What you will do. With the pictures left aside, write out exactly the lines of the listing below from the line with "Authentic Rolex Submariner No" to the line with "Aniket Kumar feedback about", both included, and only those.

Data.

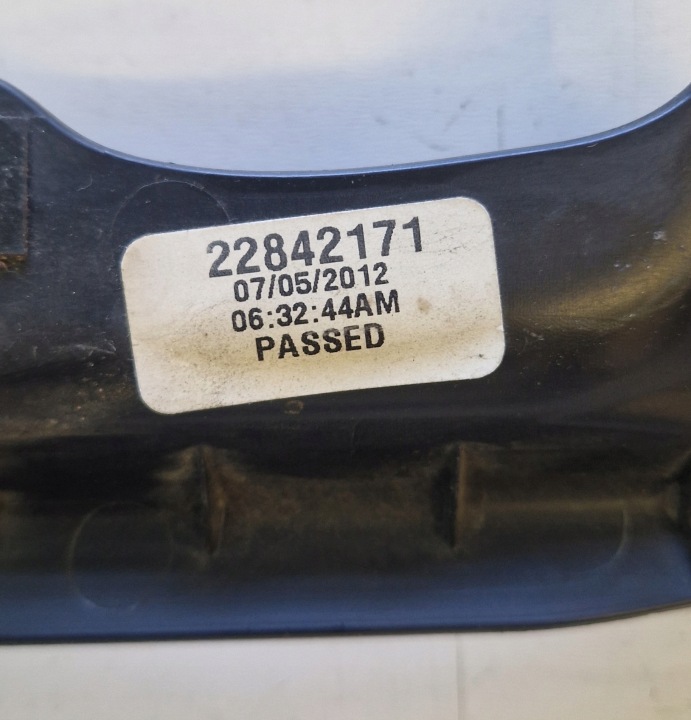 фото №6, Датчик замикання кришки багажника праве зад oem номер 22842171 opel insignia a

...

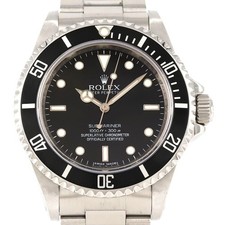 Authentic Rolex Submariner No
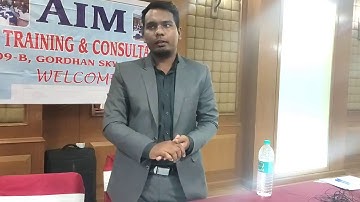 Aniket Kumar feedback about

Your solution.
 Authentic Rolex Submariner No
 Aniket Kumar feedback about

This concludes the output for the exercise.